Con la sua arte contribuisce a diffondere arte?

"Il primo tentativo di spettacolo in live streaming l’ho fatto nel maggio del 2020 con ’Hershey Felder as Irving Berlin...’ direttamente da casa mia. L’idea era di aiutare e far squadra con alcuni dei teatri, la pandemia li aveva messi in ginocchio in Italia come in America. Abbiamo staccato oltre 80mila biglietti da 50 dollari, raccogliendo quattro milioni di dollari".

E si è comprato un castello addirittura…

"Non è soltanto la mia residenza è il mio buen retiro dove invito gli amici (una stanza porta il nome di Helen Mirren, la prima inquilina), gli artisti che si esibiscono al Niccolini e i colleghi politici di mia moglie, che mondi diversi i nostri! Tanto il castello è grande, nemmeno ci incontriamo. E poi amo organizzare cene o serate di cinema. Leonardo Pieraccioni è un mio vicino di casa, è simpaticissimo".

Ma chi cucina?

"Io, ho imparato a stendere la pasta seguendo ’Pasta Grannies’".

Ha raccontato la storia del Quarto uomo, il carabiniere scampato al massacro dei militari di Fiesole, perché?

"È una storia che richiama quella della mia famiglia, deportata ad Auschwitz, me la raccontò il mio vicino, il pittore Daniel Graves e ho deciso di metterla in scena, anche per restituire dignità al quarto carabiniere".

Ha lavorato anche con Spielberg proprio sulla storia dell’Olocausto da giovane?

"Per la Steven Spielberg Shoah Foundation dovevo andare a intervistare i sopravvissuti all’Olocausto per la sceneggiatura di ’Schinder’s List’".

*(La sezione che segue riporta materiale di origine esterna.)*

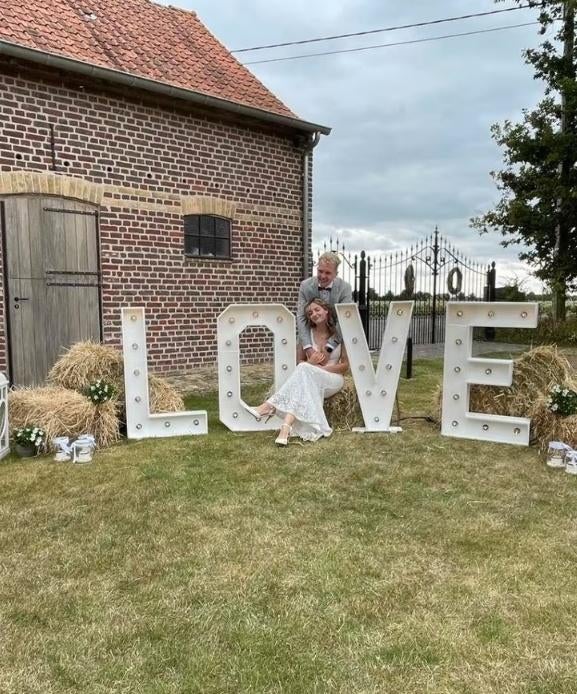 Licht letters LOVE, Hobby en Vrije tijd, Feestartikelen | Verhuur, Ophalen, Zo goed als nieuw, Overige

Ed è allora che ha conosciuto sua moglie…

"Al consolato di Los Angeles. Avevo bisogno del passaporto per partire per la Polonia, lei era console generale. Ho organizzato un concerto in suo onore, poi siamo diventati amici e... ma ci sono 21 anni di differenza. Ci dicevano come Cher ma noi stiamo insieme da 28 anni".

L’esperienza dell’Olocausto l’ha segnata…

"Tra le storie dei sopravvissuti mi colpì quella di un giovane costretto ad intrattenere i soldati nazisti fischiettando la melodia di ‘Rhapsody in Blue’, uno dei brani più celebri composti da Gershwin. Ne feci un racconto musicale e lo portai in scena, recitando e suonando. La prima produzione internazionale, ’George Gershwin Alone’, eseguita dal vivo oltre tremila volte a Broadway, Londra, Los Angeles, Chicago, San Diego, San Francisco, Boston, Philadelphia, Washington. E al Verdi di Firenze".

Ma lei crede di Dio?

"Io credo ci sia qualcosa che non sappiamo spiegare".

E adesso, che progetti ha?

"Portare in scena la vita di Bartali, nessuno l’ha mai raccontata in musica".